Ce n'est pas aux femmes qu'il appartient de vouloir le pouvoir, mais aux hommes qu'il appartient d'y renoncer. Trouvez-vous humain qu'un individu tout seul décide du sort de millions d'autres ? Ne trouvez-vous pas cela dangereux ? Et si celui qui a le pouvoir a un moment de folie, qu'est-ce qui va se passer ? Combien d'entreprises mal dirigées et viables coulent chaque année entrainant dans leur chute et vers le chômage des milliers d'ouvriers, cadres et employés ? Est-ce si beau que ça « le pouvoir » ? Au point de vouloir faire aux femmes le cadeau empoisonné de « la parité » ? La question ne serait pas plutôt celle de la suppression du pouvoir et la réorganisation du monde sur d'autres bases ? S'agissant de la violence, dans le domaine criminel, le nombre de femmes emprisonnées pour des crimes est infiniment plus réduit que celui des hommes, qui forment là de très loin la très grande majorité des accusés et détenus. Dans le domaine routier, c'est pareil : la très grande majorité des accidents graves est le fait des hommes. Les femmes sont infiniment moins meurtrières que les hommes sur la route. Pourtant les tribunaux, quand ils jugent des femmes, ne sont pas plus généreux avec elles qu'avec les hommes. Et une femme au volant d'une voiture peut faire autant de dégâts qu'un homme. Les commandes sont les mêmes.
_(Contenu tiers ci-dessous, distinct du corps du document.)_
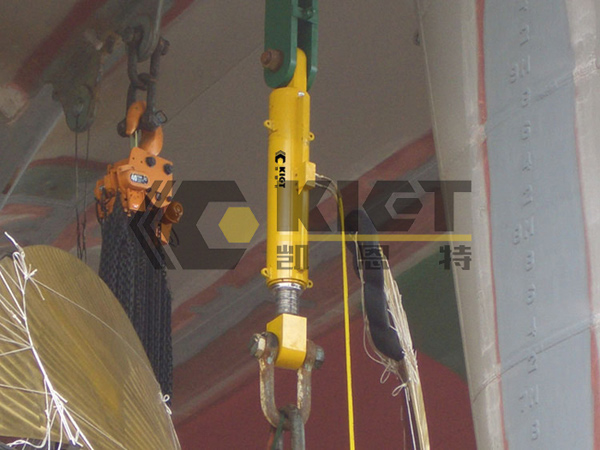 Pulling Hydraulic Jacks for Synchronous Propeller Lifting and Installation in Shipyards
Alors, devons-nous exiger là aussi la parité ? Faut-il faire en sorte que demain la moitié des criminels soient des femmes ? Et que la moitié des accidents graves sur la route soient provoqués par des femmes ?

Vous me direz, le pouvoir ça n'est pas pareil. Ah bon ! Et les décisions politiques telles que déclarer une guerre, ça ne fait pas des victimes ? Les premières victime du pouvoir, de tous les pouvoirs, ce sont les femmes. Alors, la solution serait de leur donner à elles aussi le pouvoir ? Le pouvoir c'est le manque de respect de l'autre, qui n'a pas le pouvoir. La femme souffre du manque de respect. Alors, donnons à des femmes la possibilité pour elles aussi de manquer de respect aux autres en détenant le pouvoir. Et voilà, le tour est joué, tout s'arrange, tout va bien ? Non je ne crois pas que tout va bien. Que le monde soit « dirigé » par l'amour et la liberté et que les hommes renoncent à cette monstruosité qu'ils ont inventé et font subir à tous, hommes, femmes, enfants : le pouvoir. Mais, pour cela, qu'ils se remettent en question et arrêtent de poursuivre incessamment les femmes avec des revendications sexuelles odieuses et absurdes.